If you're going to San Francisco
"[When I was 15] I was in this studio in San Francisco one day and this guy was trying to sign me to some frivolous lifetime contract where they would own me forever. I really wanted to do it because I wanted to record and my father wouldn't let me do it. At the time I was really pissed off. Many years later, I thanked him."
A six-stringer in a smoky room
"In the early 70s, I'd play Elvin Bishop's young guitar shoot-out every Thursday night at [legendary San Francisco jazz club] Keystone Korner. I got the reputation for being able to gun down any player who came into town.
"It was funny, because I was 15 - I was under-age and it was a bar - but the club owners were very cool to me. I'd wander up and down Broadway and go into all these clubs and they'd let me play, but I'd have to wait in the basement before I went on, then I'd have to go out through the back door!
"Eventually, I met the Santana guys, and within a couple of months I was in that band."
Everything's coming our way
"We've recorded a new Santana album [with the band's early 70s line-up]. It's done. We recorded up here in Las Vegas in the studio Carlos likes to work in.
"We cut 18 tracks; it sounds very organic and it sounds like where we left off on Santana III. No-one else sounds like Carlos Santana - and he's playing his ass off on this record."
You feel alright, when you hear the music play
"In Don't Stop Believing, we've got the most-downloaded song in history. I still can't quite believe that!"
"Being in a band, you learn the benefit of a democratic decision. It may not be exactly what you want to do at the time, but good things can happen from it.
"I learned tremendously, when I first met Steve Perry, about how to write a hit pop song. That was really left-field for me when we went in that direction, but I'm grateful to this day [that we did].
"In Don't Stop Believin', we've got the most-downloaded song in history.
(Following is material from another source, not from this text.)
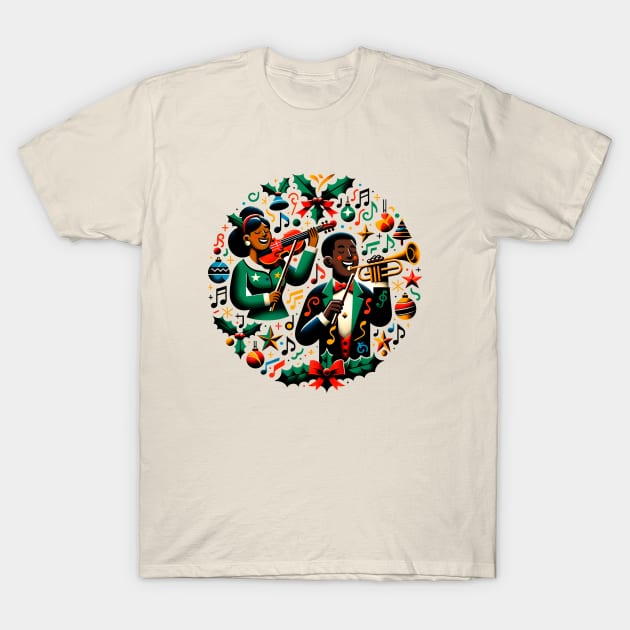 Musician in Christmas T-Shirt by Moniato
I still can't quite believe that! But we'll take it!"
Don't stop believing
"The bravest thing we've done was probably moving on after Steve went. It definitely was not easy, climbing back up the mountain, but we worked our asses off for the last 18 years, rebuilding the band and the audience, and now we're back there.
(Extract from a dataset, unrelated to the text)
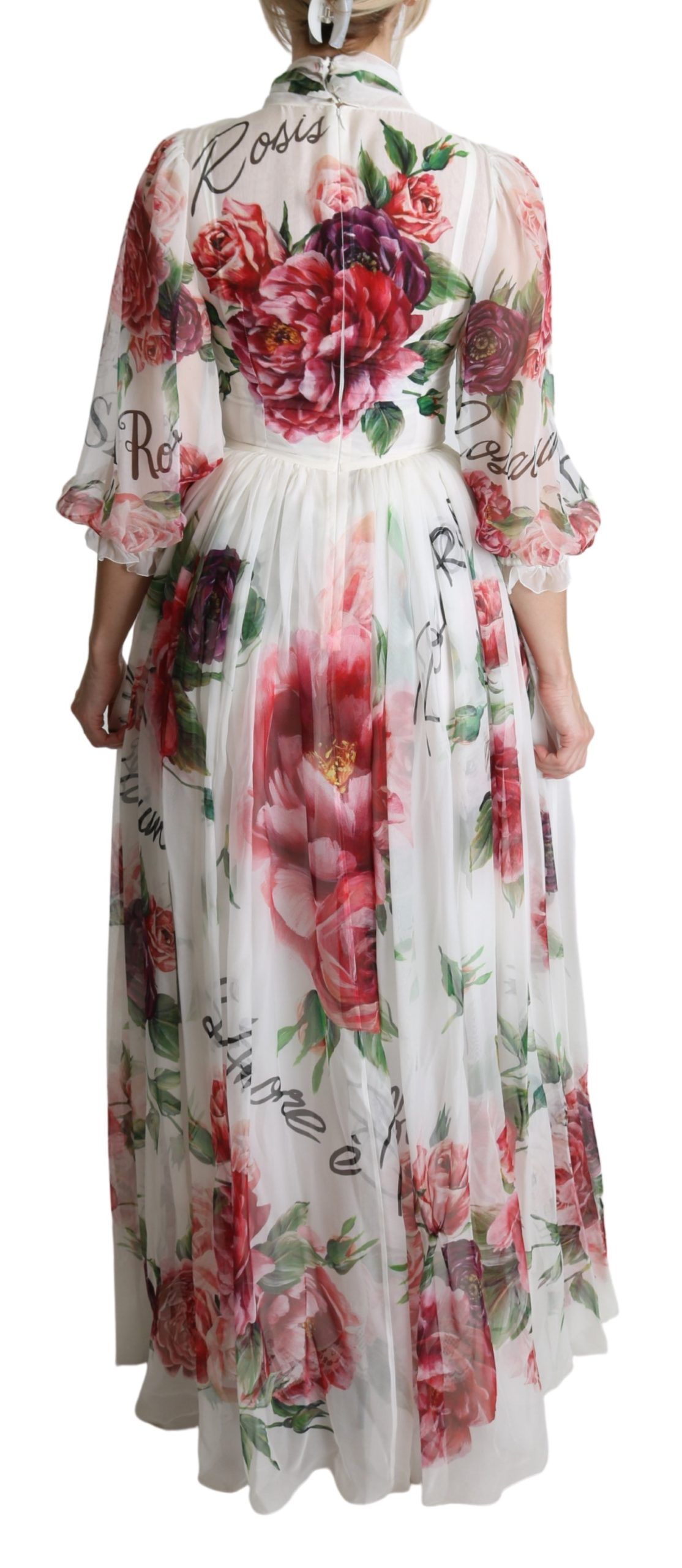 IMG_1099-1-scaled-2422734b-ad9.jpg Elegant Floral Scarf Neck Pleated Gown - Image 4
"I write Steve all of the time. Sometimes he writes back. Most of the time, he doesn't. But the door is always open. There's really no need to walk around with chips on our shoulder, no matter what happened back when everyone was fucked up. We're men, and if we're not going to play together, let's just be friends."
Neal Schon's new album, Vortex, is out on Music Theories Recordings on 23 June.